CL: Les arbitres sont beaucoup plus présents et zélés à Kona que sur les autres courses (notamment Nice, Lanzarote et Francfort où il m’est arrivé de ne pas voir de motos pendant 3 heures d’affilée). Il suffit de voir les hordes de concurrents émargeant aux Penalty Box. Dès qu’on sort de Kailua et qu’on commence à rouler sur l’autoroute, les arbitres sont très présents, et ils n’hésitent pas à cartonner les groupes entiers. Donc oui il y a des pelotons, mais il y a aussi beaucoup de cartons ! On a vite fait de se trouver piégé dans un groupe, avec des gars qui doublent à droite, qui relancent lorsqu’on les double, qui bloquent, qui rentrent dans les zones sans doubler, etc. et si les arbitres arrivent à ce moment-là, c’est carton pour tout le monde, même pour ceux qui font de leur mieux pour respecter les règles. Le seul moyen de se mettre à l’abri d’un carton c’est de doubler les gros paquets, et c’est ce que j’ai fait cette année jusqu’au demi-tour à Hawi. Sur la deuxième partie, j’étais relativement isolé et le problème ne se posait plus. Mais pour faire ça, il faut une bonne réserve de puissance. J’ai passé 50mn au-dessus de 270w (pour 66kilos), dont 15mn au-dessus de 315w. A 250w, on ne peut pas lâcher les paquets. A 300w, plus grand monde ne suit. Dans la montée vers Hawi, je suis resté une bonne minute à 350w pour doubler une trentaine de concurrents ; j’avais une moto juste à côté de moi ; j’étais prêt à gicler à 400w si un concurrent s’était extrait du peloton pour pas que les arbitres puissent me reprocher d’être entré dans la zone sans doubler. Lors des trois participations précédentes, je n’avais pas la puissance nécessaire pour faire ça, et j’avais perdu pas mal de temps à me laisser distancer par les groupes qui passaient et ce afin de respecter les 10m et de ne pas me faire cartonner (NB je n’ai jamais pris de carton sur IM).

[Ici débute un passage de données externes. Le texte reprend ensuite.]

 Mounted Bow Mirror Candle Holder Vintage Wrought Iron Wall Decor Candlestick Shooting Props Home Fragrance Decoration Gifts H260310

JT: Tu finis cette année en 9h19 à la 3ème place de ton GA, à un peu plus de 4mn du vainqueur. C’est une très belle performance, car c’était ta dernière année en 45/49 et à vos âges chaque année compte… Penses-tu pouvoir encore progresser ? et quels sont tes objectifs pour l’année prochaine ?
CL: L’expérience compte beaucoup sur IM, et compense en partie les effets de l’âge. J’ai validé un marathon en 3h06 à Francfort et un gros vélo à Hawaii. L’année prochaine j’essayerai de combiner les deux sur une même course, à Francfort puis Hawaii. Par ailleurs, nous avons beaucoup travaillé la technique en natation cette année, et je pense avoir progressé, même si ça ne se traduit pas encore par des gains chronométriques. Donc 2017 devrait être une grande année. Avec un peu de chance (il y a de plus en plus de vétérans talentueux, anciens triathlètes ou cyclistes pros), je devrais pouvoir viser la gagne à Hawaii en 50/54 et pourquoi pas le record de l’épreuve en 9h16, 3 mn de moins seulement que mon temps de cette année.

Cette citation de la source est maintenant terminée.